EXERCISE OBJECTIVE: Within the listing below, the lines to output run from the one containing "In the procedure, the" through the one containing "Yo, what's going"; copy them exactly and nothing else.

=====

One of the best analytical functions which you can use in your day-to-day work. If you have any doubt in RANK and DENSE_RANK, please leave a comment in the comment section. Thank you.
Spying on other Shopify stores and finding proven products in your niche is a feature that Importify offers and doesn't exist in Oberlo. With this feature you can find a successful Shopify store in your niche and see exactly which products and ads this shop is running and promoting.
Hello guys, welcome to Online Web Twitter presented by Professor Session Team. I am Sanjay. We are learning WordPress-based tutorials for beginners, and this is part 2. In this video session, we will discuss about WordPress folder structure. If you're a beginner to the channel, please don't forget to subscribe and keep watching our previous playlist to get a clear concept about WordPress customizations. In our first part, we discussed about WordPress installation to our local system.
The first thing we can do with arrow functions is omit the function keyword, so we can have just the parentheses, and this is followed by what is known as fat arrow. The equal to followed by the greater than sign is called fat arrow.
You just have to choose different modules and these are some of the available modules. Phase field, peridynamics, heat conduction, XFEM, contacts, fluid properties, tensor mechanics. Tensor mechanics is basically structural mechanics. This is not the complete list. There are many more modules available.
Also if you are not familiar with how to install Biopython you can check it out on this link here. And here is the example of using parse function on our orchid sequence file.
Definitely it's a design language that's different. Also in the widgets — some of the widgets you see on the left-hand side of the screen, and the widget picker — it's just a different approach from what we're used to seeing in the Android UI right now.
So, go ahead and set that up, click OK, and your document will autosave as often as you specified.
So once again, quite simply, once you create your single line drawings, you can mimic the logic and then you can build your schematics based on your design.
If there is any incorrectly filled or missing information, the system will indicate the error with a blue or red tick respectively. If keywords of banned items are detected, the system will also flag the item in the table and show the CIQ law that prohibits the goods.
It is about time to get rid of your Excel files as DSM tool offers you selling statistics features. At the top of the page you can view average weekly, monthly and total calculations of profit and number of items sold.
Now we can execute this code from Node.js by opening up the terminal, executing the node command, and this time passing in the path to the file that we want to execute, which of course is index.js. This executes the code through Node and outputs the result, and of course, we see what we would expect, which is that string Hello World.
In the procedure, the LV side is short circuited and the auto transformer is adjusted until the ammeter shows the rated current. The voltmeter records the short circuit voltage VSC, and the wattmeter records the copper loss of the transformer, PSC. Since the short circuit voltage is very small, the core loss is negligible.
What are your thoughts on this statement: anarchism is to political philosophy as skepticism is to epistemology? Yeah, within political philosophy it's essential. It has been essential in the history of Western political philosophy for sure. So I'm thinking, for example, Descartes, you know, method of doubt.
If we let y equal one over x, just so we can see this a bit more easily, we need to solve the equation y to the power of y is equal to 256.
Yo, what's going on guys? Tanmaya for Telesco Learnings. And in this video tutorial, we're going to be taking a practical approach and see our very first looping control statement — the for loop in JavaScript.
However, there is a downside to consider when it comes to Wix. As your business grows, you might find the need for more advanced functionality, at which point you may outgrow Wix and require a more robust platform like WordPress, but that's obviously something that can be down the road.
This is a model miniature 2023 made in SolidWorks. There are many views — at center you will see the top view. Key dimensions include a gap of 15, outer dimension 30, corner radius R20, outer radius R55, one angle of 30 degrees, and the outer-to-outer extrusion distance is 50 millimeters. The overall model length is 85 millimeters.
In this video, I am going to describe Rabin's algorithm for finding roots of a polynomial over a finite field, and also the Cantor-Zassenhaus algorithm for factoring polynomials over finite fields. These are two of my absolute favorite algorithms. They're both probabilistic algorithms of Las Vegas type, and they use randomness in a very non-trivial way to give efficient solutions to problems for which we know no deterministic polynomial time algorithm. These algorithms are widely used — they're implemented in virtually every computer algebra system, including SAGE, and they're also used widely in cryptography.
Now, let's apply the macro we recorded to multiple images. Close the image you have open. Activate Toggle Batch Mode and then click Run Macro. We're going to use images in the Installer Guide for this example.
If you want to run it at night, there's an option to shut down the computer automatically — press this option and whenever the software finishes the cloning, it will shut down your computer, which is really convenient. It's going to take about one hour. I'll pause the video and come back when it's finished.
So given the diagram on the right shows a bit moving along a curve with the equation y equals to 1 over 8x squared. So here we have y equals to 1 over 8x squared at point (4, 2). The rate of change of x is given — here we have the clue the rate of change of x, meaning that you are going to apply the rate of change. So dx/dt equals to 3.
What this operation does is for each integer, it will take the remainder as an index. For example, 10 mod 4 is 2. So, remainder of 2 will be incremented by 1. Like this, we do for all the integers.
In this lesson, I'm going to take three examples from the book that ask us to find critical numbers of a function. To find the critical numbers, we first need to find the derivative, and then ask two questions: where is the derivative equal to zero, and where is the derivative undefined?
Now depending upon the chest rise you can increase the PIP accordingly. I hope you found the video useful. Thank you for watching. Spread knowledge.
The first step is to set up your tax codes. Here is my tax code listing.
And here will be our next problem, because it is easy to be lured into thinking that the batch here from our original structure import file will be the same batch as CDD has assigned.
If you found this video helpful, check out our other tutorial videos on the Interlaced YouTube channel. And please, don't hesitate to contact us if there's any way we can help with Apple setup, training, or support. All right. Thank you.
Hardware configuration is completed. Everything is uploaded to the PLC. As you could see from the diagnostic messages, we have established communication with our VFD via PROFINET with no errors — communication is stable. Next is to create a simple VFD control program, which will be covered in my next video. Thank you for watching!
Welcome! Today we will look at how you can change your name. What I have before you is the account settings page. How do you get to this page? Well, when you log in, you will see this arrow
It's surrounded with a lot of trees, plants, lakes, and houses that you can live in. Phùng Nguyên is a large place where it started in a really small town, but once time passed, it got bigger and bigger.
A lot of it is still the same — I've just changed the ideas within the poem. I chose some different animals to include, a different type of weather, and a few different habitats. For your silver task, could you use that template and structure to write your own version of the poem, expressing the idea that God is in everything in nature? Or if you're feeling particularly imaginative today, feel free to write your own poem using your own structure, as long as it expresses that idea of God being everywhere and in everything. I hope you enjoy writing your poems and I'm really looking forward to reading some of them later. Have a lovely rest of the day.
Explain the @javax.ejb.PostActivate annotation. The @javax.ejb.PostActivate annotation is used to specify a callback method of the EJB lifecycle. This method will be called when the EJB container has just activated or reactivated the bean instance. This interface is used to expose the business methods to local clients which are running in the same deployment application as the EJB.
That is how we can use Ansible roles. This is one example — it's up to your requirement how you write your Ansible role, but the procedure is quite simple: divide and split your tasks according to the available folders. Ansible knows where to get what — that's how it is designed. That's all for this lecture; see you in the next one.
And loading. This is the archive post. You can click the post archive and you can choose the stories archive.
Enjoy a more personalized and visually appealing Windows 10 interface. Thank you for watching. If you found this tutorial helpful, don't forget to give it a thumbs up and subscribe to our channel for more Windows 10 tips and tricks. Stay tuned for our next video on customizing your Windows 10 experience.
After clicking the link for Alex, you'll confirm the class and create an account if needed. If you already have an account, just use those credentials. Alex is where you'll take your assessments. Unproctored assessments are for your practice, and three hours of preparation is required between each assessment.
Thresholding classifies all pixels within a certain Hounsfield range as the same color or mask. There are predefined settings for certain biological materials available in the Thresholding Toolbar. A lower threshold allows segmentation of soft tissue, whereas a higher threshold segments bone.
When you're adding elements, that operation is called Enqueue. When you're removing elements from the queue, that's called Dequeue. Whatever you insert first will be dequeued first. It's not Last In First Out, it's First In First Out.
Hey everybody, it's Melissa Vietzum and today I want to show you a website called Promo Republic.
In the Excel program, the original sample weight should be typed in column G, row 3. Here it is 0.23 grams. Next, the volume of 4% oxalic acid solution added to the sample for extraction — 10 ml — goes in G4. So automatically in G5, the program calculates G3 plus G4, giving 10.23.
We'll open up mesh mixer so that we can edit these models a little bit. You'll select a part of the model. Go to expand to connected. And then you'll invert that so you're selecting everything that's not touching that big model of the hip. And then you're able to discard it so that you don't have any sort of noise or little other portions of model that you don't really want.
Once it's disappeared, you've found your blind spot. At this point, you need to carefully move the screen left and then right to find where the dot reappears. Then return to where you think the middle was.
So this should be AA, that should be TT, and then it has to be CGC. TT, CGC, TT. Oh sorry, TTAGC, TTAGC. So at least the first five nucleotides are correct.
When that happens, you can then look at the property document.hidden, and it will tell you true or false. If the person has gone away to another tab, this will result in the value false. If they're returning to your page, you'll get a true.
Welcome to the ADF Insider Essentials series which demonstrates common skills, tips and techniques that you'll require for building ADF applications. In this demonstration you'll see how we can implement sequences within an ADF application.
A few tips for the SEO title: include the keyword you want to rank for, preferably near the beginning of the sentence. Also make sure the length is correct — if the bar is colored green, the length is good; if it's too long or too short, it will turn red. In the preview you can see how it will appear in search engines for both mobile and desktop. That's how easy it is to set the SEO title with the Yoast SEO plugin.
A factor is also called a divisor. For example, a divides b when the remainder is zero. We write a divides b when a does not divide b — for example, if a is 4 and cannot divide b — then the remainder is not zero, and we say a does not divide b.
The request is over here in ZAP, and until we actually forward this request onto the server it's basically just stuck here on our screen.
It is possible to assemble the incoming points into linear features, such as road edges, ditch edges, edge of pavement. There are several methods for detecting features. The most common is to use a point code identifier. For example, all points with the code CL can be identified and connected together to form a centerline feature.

=====

RESULT:
In the procedure, the LV side is short circuited and the auto transformer is adjusted until the ammeter shows the rated current. The voltmeter records the short circuit voltage VSC, and the wattmeter records the copper loss of the transformer, PSC. Since the short circuit voltage is very small, the core loss is negligible.
What are your thoughts on this statement: anarchism is to political philosophy as skepticism is to epistemology? Yeah, within political philosophy it's essential. It has been essential in the history of Western political philosophy for sure. So I'm thinking, for example, Descartes, you know, method of doubt.
If we let y equal one over x, just so we can see this a bit more easily, we need to solve the equation y to the power of y is equal to 256.
Yo, what's going on guys? Tanmaya for Telesco Learnings. And in this video tutorial, we're going to be taking a practical approach and see our very first looping control statement — the for loop in JavaScript.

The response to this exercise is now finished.